Estimated receipts: $2.38 trillion
Mandatory expenditures: $2.18 trillion
Discretionary expenditures (including DoD): $1.37 trillion

One way to look at this is: at the current level of deficits, virtually the entire Federal government is debt financed. All the money we take in through taxes is sent out as checks to somebody or other: retirees mostly, but also the unemployed, the poor, the disabled, and holders of U.S. government debt. We are not buying anything with our taxes: we are just redistributing the national income.

Every actual government activity – from the military to the FBI to the post office to whatever the Department of Commerce does – is being financed by debt.

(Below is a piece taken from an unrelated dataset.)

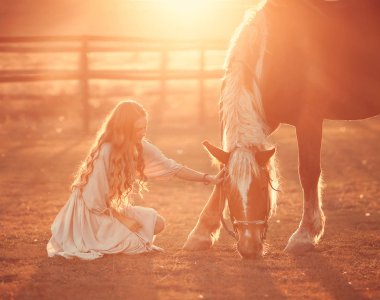 gün batımında at ile kız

Right now, interest rates are very low. This makes it relatively easy for the government to continue on this path, piling up debt against the day that a stronger economic recovery both increases tax receipts and automatically reduces mandatory expenditures. The long-term deficit, driven primarily by health-care costs, is another matter, but the solution for the massive cyclical deficit is economic recovery: that’s it.

Hypothetically, there are two ways the government could boost the economy. The government could engage in fiscal stimulus, spending money to directly (if the money is spent by the government on goods and services) or indirectly (if the money is rebated to taxpayers to spend) increase aggregate demand. Or the government could raise inflation expectations, which will make consumption look more attractive relative to saving (and hence increase aggregate demand) and will make investing in risky assets look more attractive relative to safe assets (since safe assets aren’t so safe if unpredictably high inflation is expected to erode their value).

I say hypothetically, because the United States is not only running a massive public deficit, but is coming off a decade of national dissaving. Savings rates have been negative since the days of the internet bubble, and only turned positive with the onset of the financial crisis. A public spending program could only be financed domestically if the national savings rate increased to offset the increase in the government deficit, which would be counter-productive from a stimulus perspective. Any fiscal stimulus, to be effective, would need to be financed abroad.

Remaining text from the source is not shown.